Forgotten - Page 175

“The boy you buried isn’t Jonas.”

Captain Moeller’s words hang in the air; I can almost see them floating there. No one speaks. No one moves. When I can’t take the tension anymore, I ask the totally irrelevant question: “Who was it?”

“A Baby Doe, probably from another state. He wasn’t in our missing children database.”

Finally, sound comes from my mother’s mouth in the form of a gasp.

“I know, it’s terrible,” Captain Moeller says to my mom.

“So what’s next?” she asks through the fingers over her mouth.

“We reopen the search for Jonas,” Captain Moeller says.

My mom looks a little like she’s in shock. She doesn’t reply, so the captain keeps going.

“I took the liberty of having the team use the aging software on the old photo we had of Jonas. We can put that image out over the wire and get people in the area on lookout.”

“What if he’s not in the area?” I ask.

“We’ll distribute it nationally, too,” he says to me.

“Can I see it?” I ask.

“Of course,” he says. The captain rifles around on his desk for a bit and unearths a thick, worn file. I wonder how many times it’s been opened over the past decade.

Captain Moeller pages through the file and pulls out an eight-by-ten photo.

“Here you go,” he says, sliding it across the desk. My mom leans in to see but doesn’t touch. Tears silently flow down her cheeks; she’s so quiet I barely know she’s there.

Captain Moeller hands her a tissue and leaves us alone. When he’s gone, I pick up the photo for a closer look.

For some reason, a strange calm washes over me at the sight of him: my brother. My shoulders loosen and I exhale slowly.

It feels right.

He seems familiar.

“Do you remember him? From the future?” my mom asks in a voice so weak it’s like she’s a mouse.

Excited for a moment, I rack my brain for a memory of my brother—any memory other than the horrific one of him being taken.

“No, Mom, I don’t,” I say. It causes her tears to flow faster. Instead of comforting her, I continue to stare.

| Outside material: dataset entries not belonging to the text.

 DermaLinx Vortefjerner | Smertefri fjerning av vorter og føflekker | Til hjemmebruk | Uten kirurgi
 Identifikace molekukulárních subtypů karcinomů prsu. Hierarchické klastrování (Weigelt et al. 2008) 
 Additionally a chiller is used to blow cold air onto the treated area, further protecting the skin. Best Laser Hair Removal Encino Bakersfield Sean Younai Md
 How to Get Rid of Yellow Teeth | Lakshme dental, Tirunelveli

There’s nothing there, and yet…

There’s something.

Like that punch line of a joke you forget by the end, there’s something.

And to me, right now, something is just fine.

47

Luke parks directly in front of a NO TRESPASSING sign on the barbed-wire fence that keeps us from driving off the incline. He kills the engine and the headlights along with it.

The town twinkles below, and I inhale the warm evening through the open windows.

“Did you bring me here to kill me?” I tease.